DEVELOPMENT UPDATE 08:03:2022

tl;dr still not out

TO: SQUADRON 42 RECRUITS

SUBJ: DEVELOPMENT UPDATE 08:03:2022

REF: CIG UK, CIG DE, CIG LA, CIG TX

FAO Squadron 42 Recruits.

Welcome to July’s Squadron 42 development report. Enclosed you will find details on the latest progress made across the campaign, including updates to Vanduul movement, level design, and character art.

Thank you for your continued support of Squadron 42.

Sincerely,

CIG COMMUNICATIONS
AI (Content)

Last month, AI Content dedicated time to bug-fixing existing features. They identified the top 20 usables that the AI interact with and set out to fix as many issues as possible in two weeks. The issues were triaged and arranged into three categories:

Bugs that the AI designers could solve

Bugs that AI animators could solve

Code issues not solvable by AI Content

By the end, approximately 50 issues had been solved before the team returned to feature work.

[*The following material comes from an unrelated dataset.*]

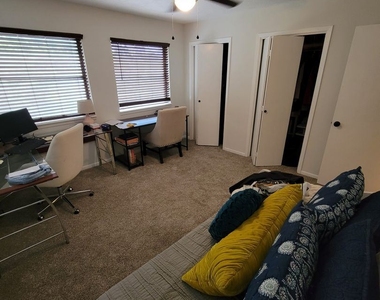 2807 Wildflower Dr., Apt 34 - Photo Thumbnail 11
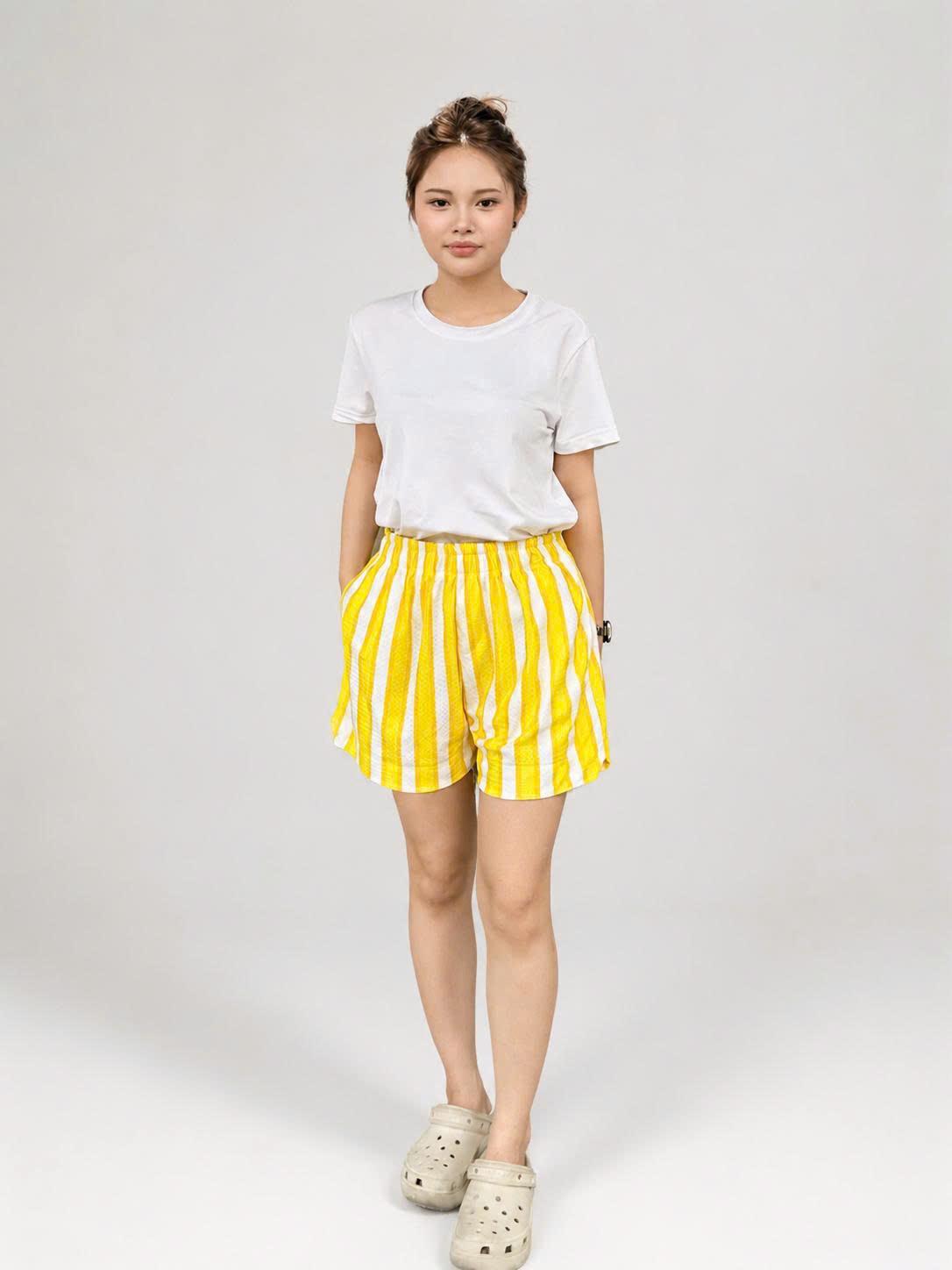 Quần Short Sọc Màu BEAVERTEE Nam Nữ Form Rộng, Vải Thun Mềm Nhẹ Thoáng Mát Co Giãn, Thiết Kế Sọc Đỏ Vàng Xanh Dương Xanh Lá, Phong Cách Đi Biển Du Lịch Mùa Hè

July’s feature work included supporting the weapons vendor setup by creating weapon pickup and place animations, progressing with the locomotion polish mentioned last month, and retargeting overlay animations to the female skeleton.

The AI designers continued implementing the dynamic conversations feature, expanding it to the eat-and-drink behavior. Now, NPCs can have conversations between bites or drinks.

“We are pleased with the result, as it makes the AI feel less individual and more connected with other NPCs.” AI Content Team

AI engineers will now also seek out colleagues at wall panels and work zones (e.g. broken pipes) to start conversations. They’re currently working on implementing chatter for AI in bunk beds and arcade machines too.
AI (Features)

For human combat, AI Features continued to work on tactic selection, including implementing a more data-driven approach to setting up the scoring factors in Data-Forge. This will allow the designers to quickly tweak values to produce the best possible range of combat behaviors for the situation, including with multiple combatants with different setups and ranges. This solution extends the ‘function selection’ in Subsumption to allow the game code to register a custom probability calculator, which will provide benefits in general, not just for combat behaviors.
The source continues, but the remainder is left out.